ASSIGNMENT: Set down the lines below, exactly, starting at the one that contains "Technics RS-B905 Top" and stopping at the last line, inclusive. Omit pictures.

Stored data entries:
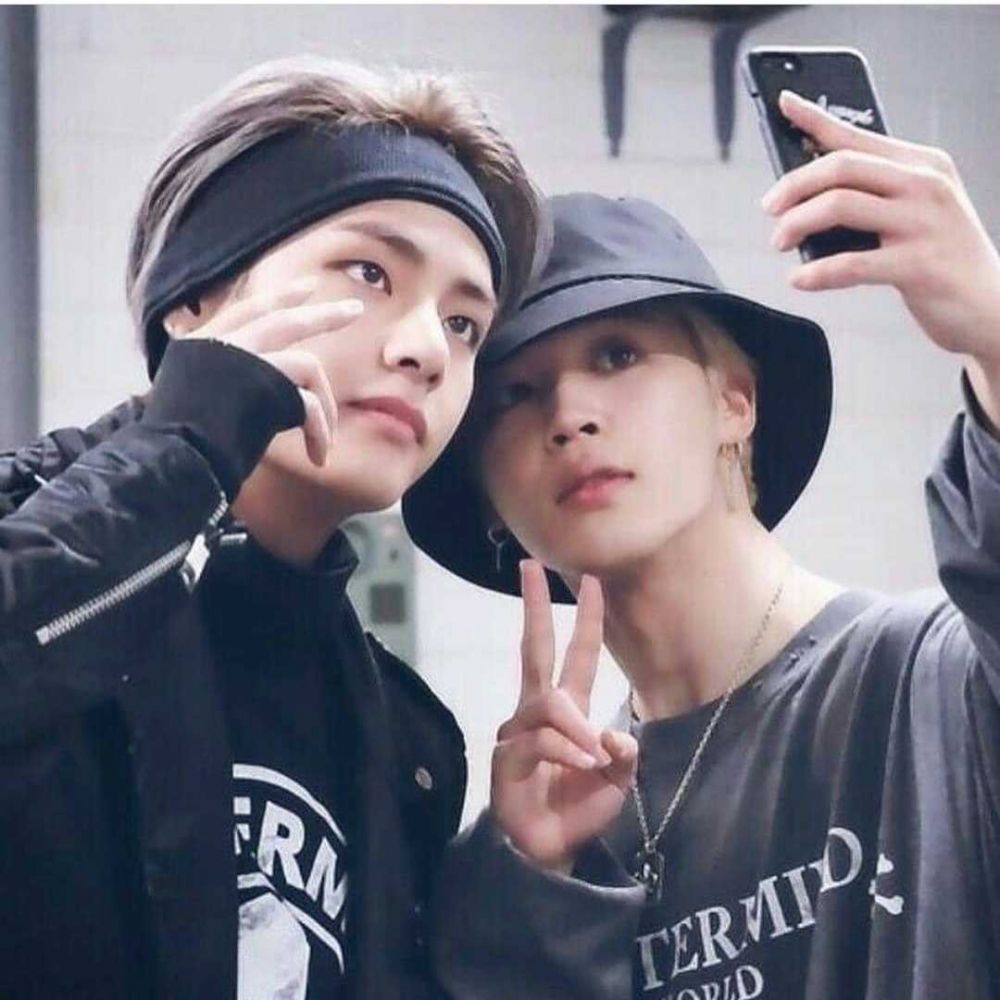 9 Fakta Menarik Persahabatan V Dan Jimin BTS, Bromance Goals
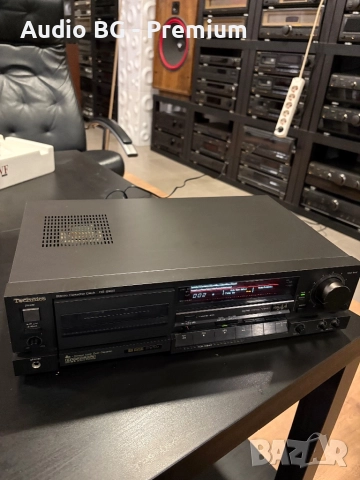 Technics RS-B905 Top dbx, снимка 7 - Декове - 52938839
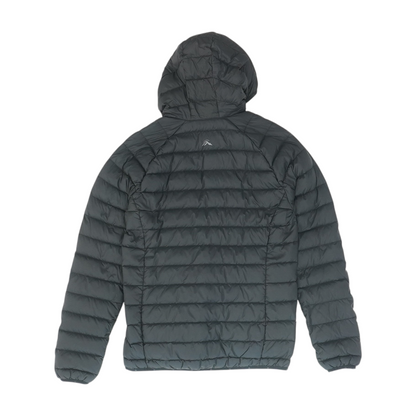 Black Solid Jacket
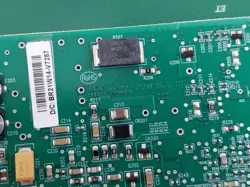 HONEYWELL 51307687-176 HIGH LEVEL ANALOG INPUT MOTHERBOARD 51308360-106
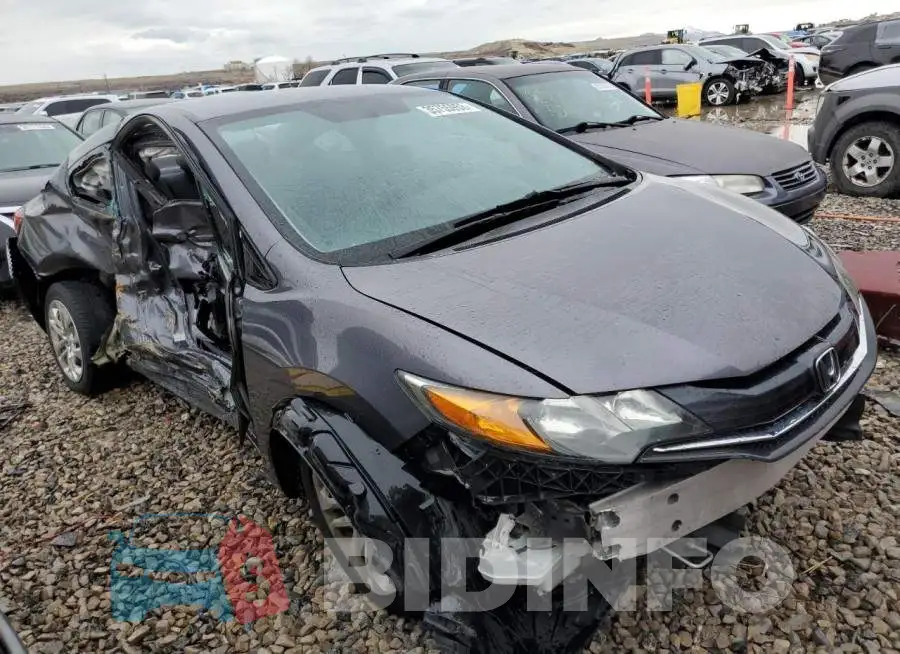 2HGFG3B51EH513522 Photo# 4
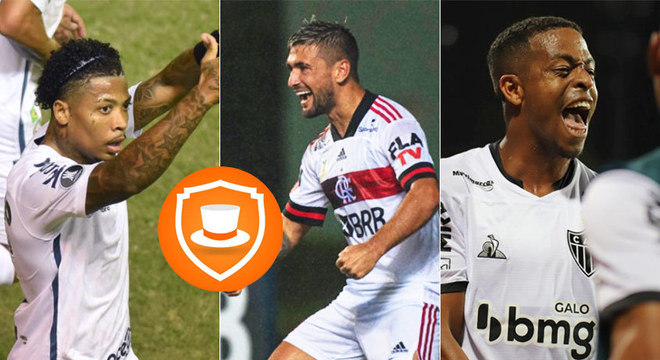 É Para Mitar Confira O Top 5 Por Posição Para A 27ª Rodada No Cartola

SOLUTION:
 Technics RS-B905 Top dbx, снимка 7 - Декове - 52938839
 Black Solid Jacket
 HONEYWELL 51307687-176 HIGH LEVEL ANALOG INPUT MOTHERBOARD 51308360-106
 2HGFG3B51EH513522 Photo# 4
 É Para Mitar Confira O Top 5 Por Posição Para A 27ª Rodada No Cartola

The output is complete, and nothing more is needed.